中國の第7回全國國勢調査の統計によると、家庭戸(日本の「一般世帯」に相當)の1世帯當たりの平均人口は2.62人で、2010年に実施された第6回國勢調査の3.10人と比べて0.48人減少した。つまり、1世帯當たりの人數が3人以下になったということだ。中國新聞網が報じた。
「3人」を割った世帯平均人數
一般世帯とは、家族を中心として共に生活している世帯だ。
中國人民大學人口?発展研究センターの宋健副主任は、「家庭の規模が縮小していることは、現代化が進む中で起きる家庭の変化の大きな特徴と見なされている。1960年代以來、中國の一般世帯の平均規模は縮小の一途をたどり、1964年の平均4.43人から1990年には3.96人、2010年には3.10人にまで減少した」と説明する。
1世帯當たりの平均人數が4人から3人に減り、さらに3人を割ったということは、一體何が起きているのだろうか?
原因は?
國家統計局によると、一般世帯の規模が縮小し続けている主な原因は、中國の人口流動が日に日に頻繫化しているほか、住宅環境が改善され、若者が結婚後、親と別世帯を構えるようになっていることなどが挙げられる。
南開大學経済學院の教授で、中國人口學會の原新副會長は、「出産率の低下と少子化が家庭の規模が小さくなっている根本的な原因」と指摘する。
そして、「人戸分離人口(現在の居住地と戸籍登録地が半年以上にわたり異なる國民)が増加し、若者が結婚後、親と別世帯を構えるようになって、數世代の家族が一緒に住むというケースが減っている。また、結婚しない人や離婚する人、子供を持たない夫婦『ディンクス』が増えているというのが、一般世帯の規模が縮小している原因だ」と分析する。
資料寫真
宋副主任も、「中國の一般世帯の規模が縮小していることは、『計畫出産』と関係があると考えられている。長期に渡って実施された一人っ子政策により、各家庭の子供の數が極めて少なく抑えられた。それにより、一般世帯の規模が縮小した。一般的な家庭を例にすると、既婚夫婦が子供を1人生む場合と3人生む場合を比較すると、一般世帯の規模は2人縮小する」との見方を示す。
一般世帯數が増加
また宋副主任は、「出産率が低い水準で安定しているのを背景に、家庭の規模の縮小は、一般世帯の數の急増の影響も受けている。
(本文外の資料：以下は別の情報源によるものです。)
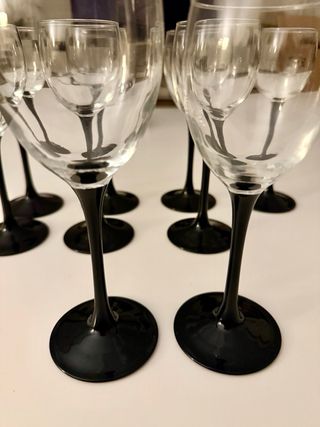 Lote vasos y copas transparentes y negras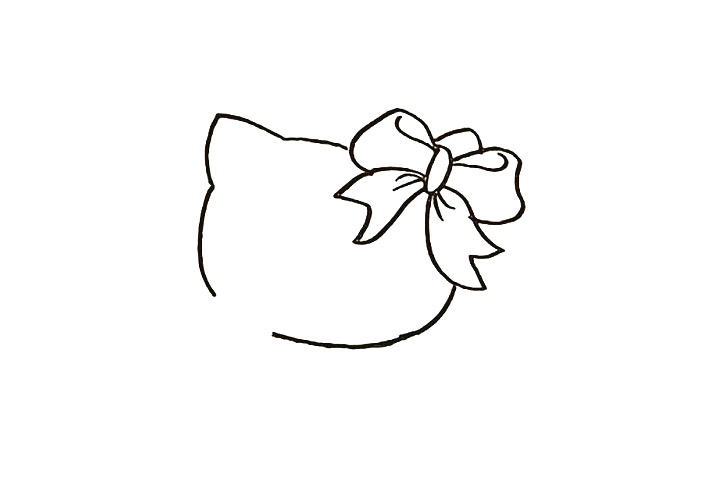 步骤2：在画出它的耳朵和脸颊.脸部留出一个缺口。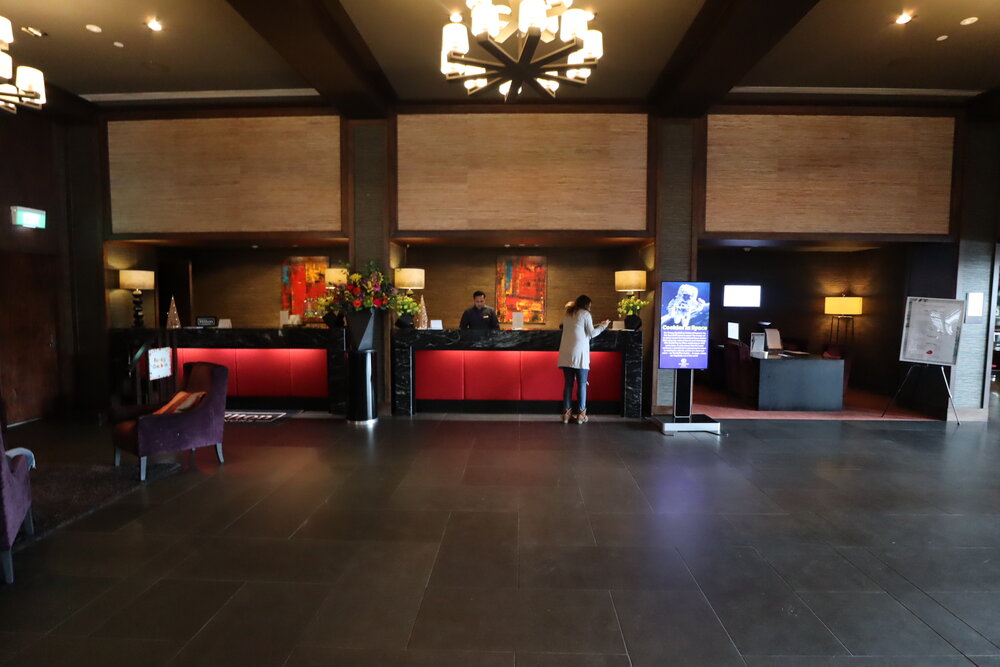 Hilton Queenstown – Check-in desks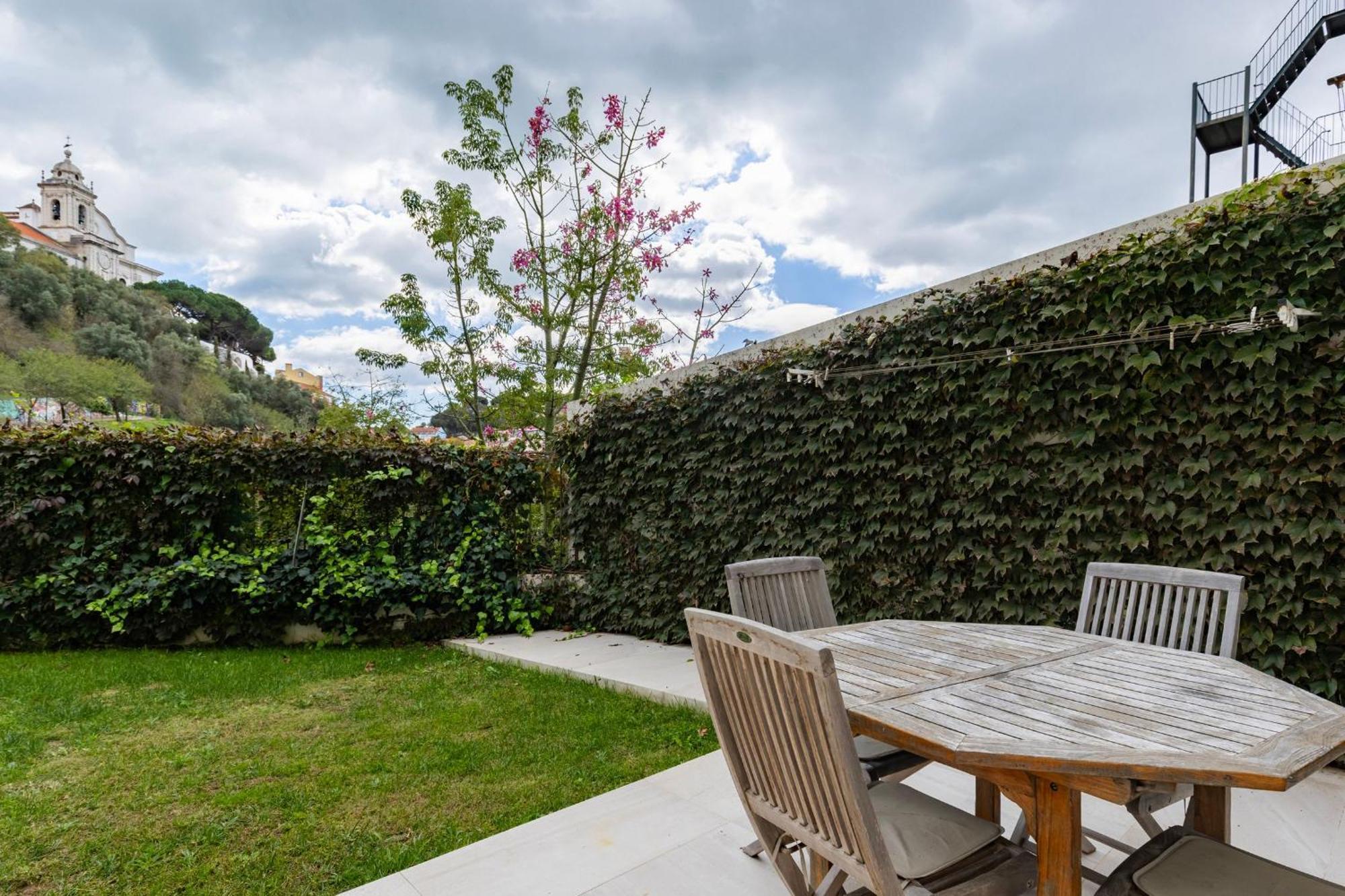 2bdr Cozy In Graca By Lovelystay Lisbon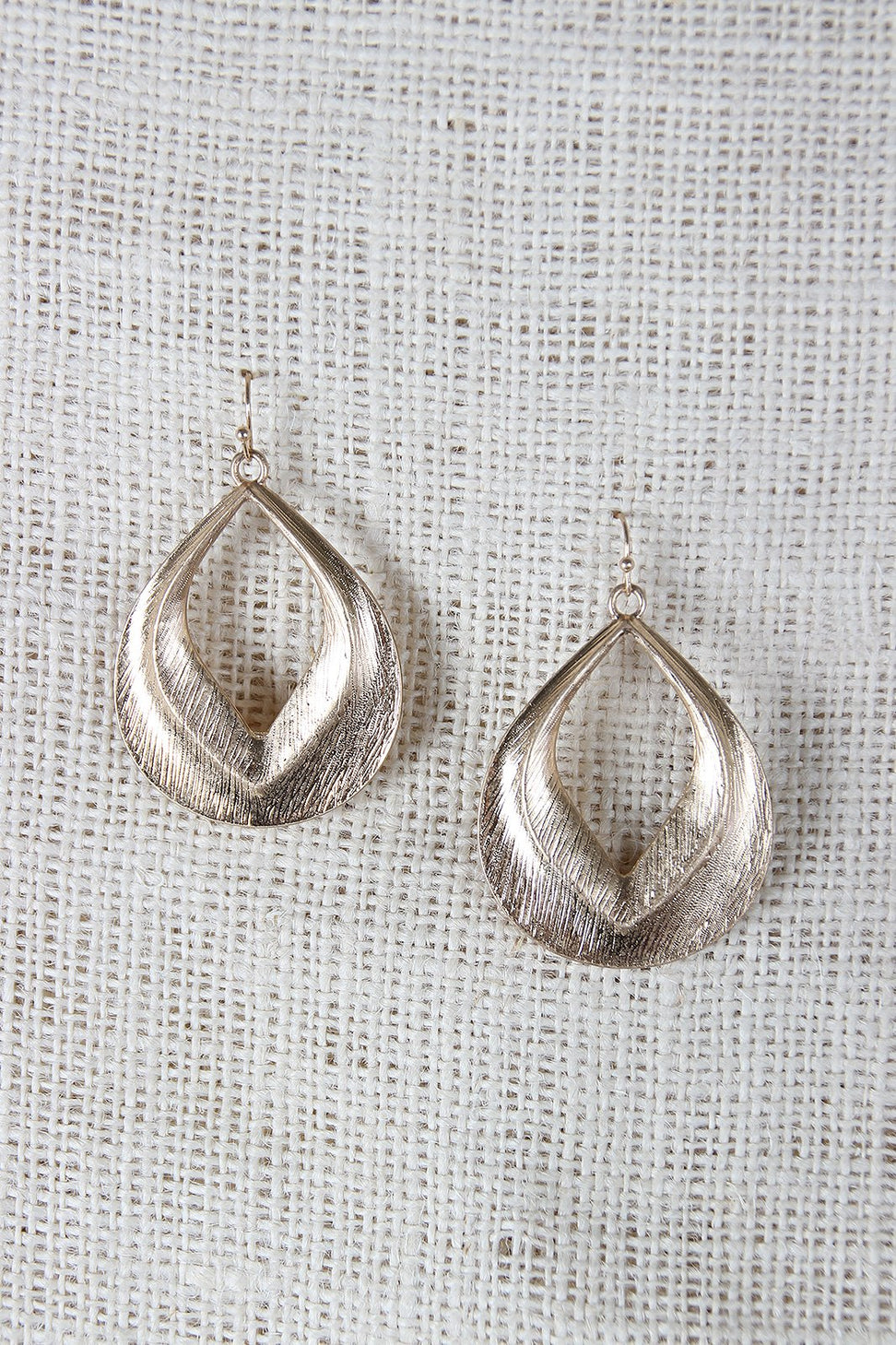 Textured Tear Drop Dangle Earings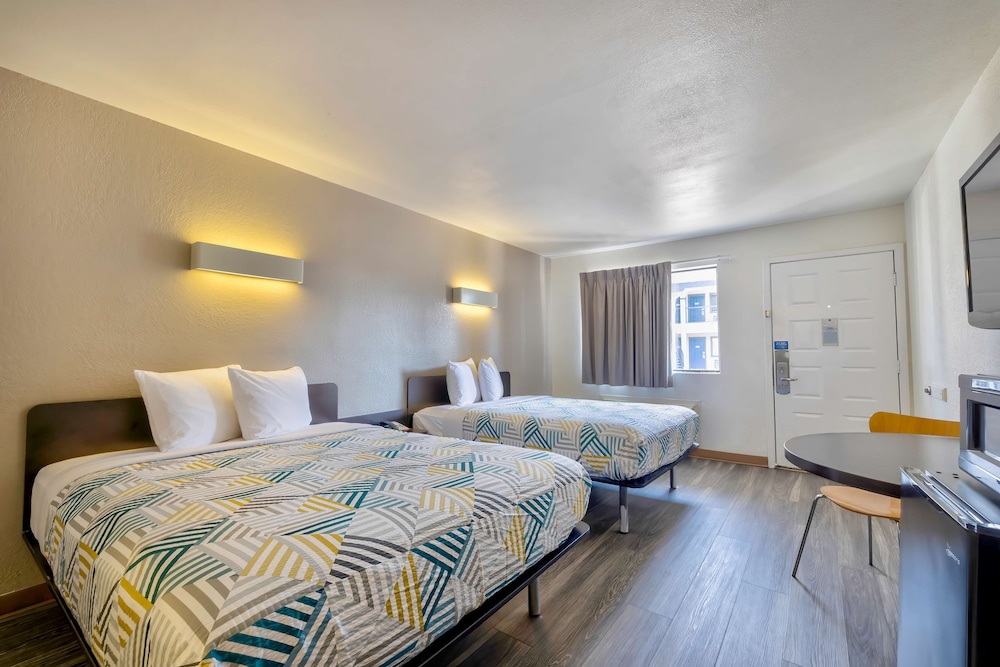 Motel 6 Bryan TX College Station - photo 13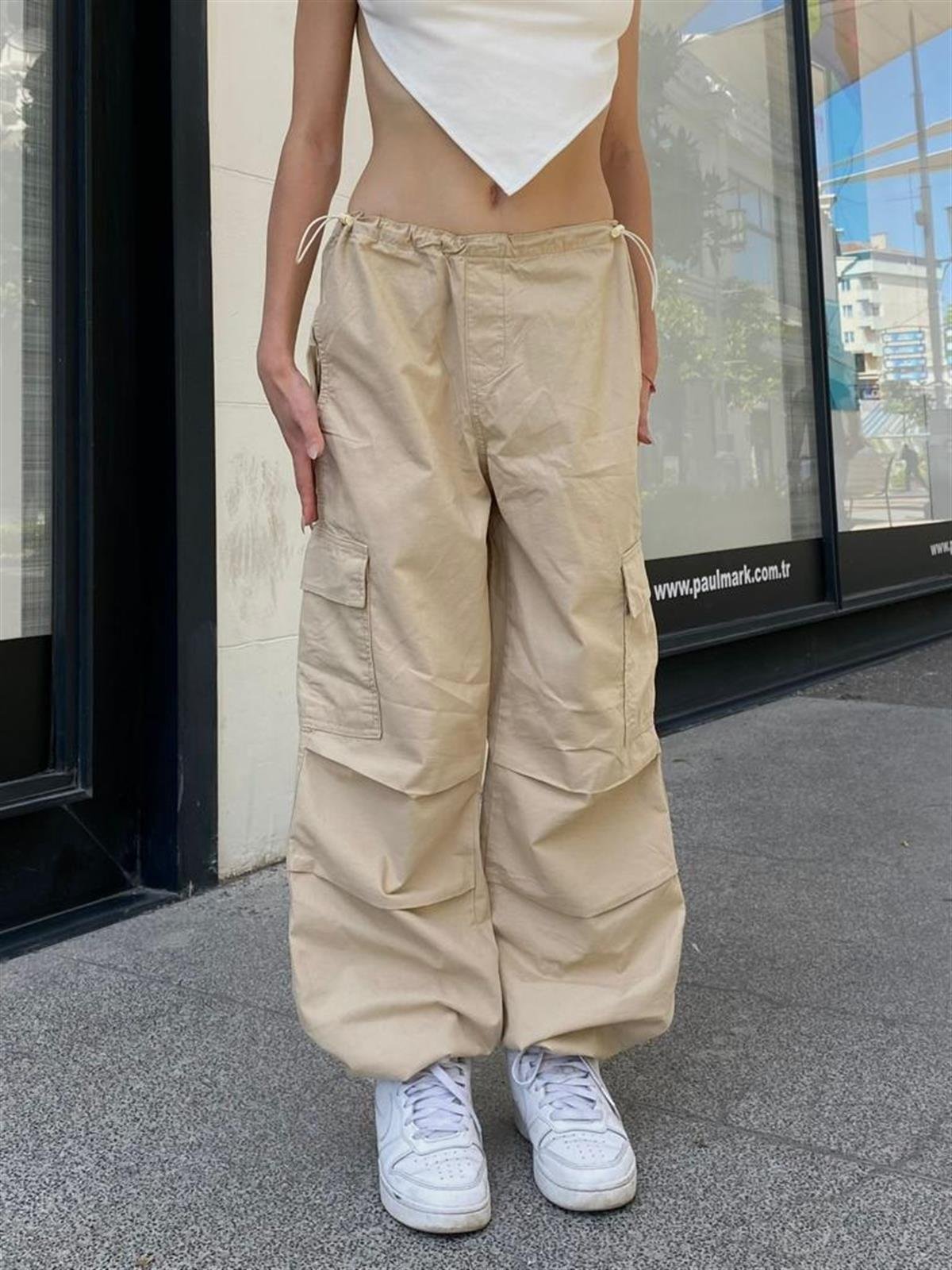 Streetwear Baggy Kargo Cepli Beli Lastikli Krem Renk Unisex Salaş Pantolon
一般世帯人口総數と一般世帯総數は時の経過と共に増加傾向を見せているものの、その2つを比べると、一般世帯數のほうが増加ペースが速い」と指摘する。
第7回國勢調査の統計によると、中國全土の一般世帯の數は4億9416萬世帯で、その人口は計12億9281萬人だった。第6回國勢調査の一般世帯の數は4億152萬世帯で、その人口は計12億4461萬人だった。
資料寫真
宋副主任は、「一般世帯數の急増は、世帯を構える人が増加していることを反映している。これは、中國で現代化と都市化が進んでいることと密接な関係がある。改革開放(1978年)以來の経済発展と、1980年代以來、段階的に実施された住宅制度改革により、より多くの中國人がマイホームを所有するようになった。また、移転、流動が日に日に活発になり、元々同じ世帯に住んでいた家族がバラバラに生活するようになっている。一般世帯數の急増により、一般世帯の規模の縮小が進むと同時に、家庭の構造も大きく変化した」との見方を示す。
規模縮小、數増加の影響は?
一般世帯の規模の縮小と一般世帯數の増加により、どんな影響が出るのだろうか?
原副會長は、「一般世帯の規模が縮小しているということは、家庭の発展能力、伝統機能がますます弱まり、家族関係が希薄になり、蜘蛛の巣のような構造から1本の線だけで結ばれる関係に変化し、家族同士の助け合いが少なくなるということを意味する。こうしたことは家庭における高齢者の世話に影響を與えるほか、家庭の小型化、高齢化に対応した商品を供給するニーズが増すことになるだろう」と分析する。そして、「大きな家は売れ行きが悪いのに対して、適度な間取りの家が人気となっている」という。
中國人口?発展研究センターの賀丹主任は、「一般世帯の規模が小さくなり、伝統的な家庭で見られた若い夫婦が高齢者の世話をしたり、高齢夫婦が育児をしたりといった相互サポート機能が弱まり、さらに多くの社會サービスにより、高齢者の世話や育児のサポートが必要になっている」と指摘する。そして、「少子高齢化が急速に進み、人口の増加ペースが鈍化しているものの、一般世帯數は増えており、消費の拡大にはメリットとなる」との見方を示す。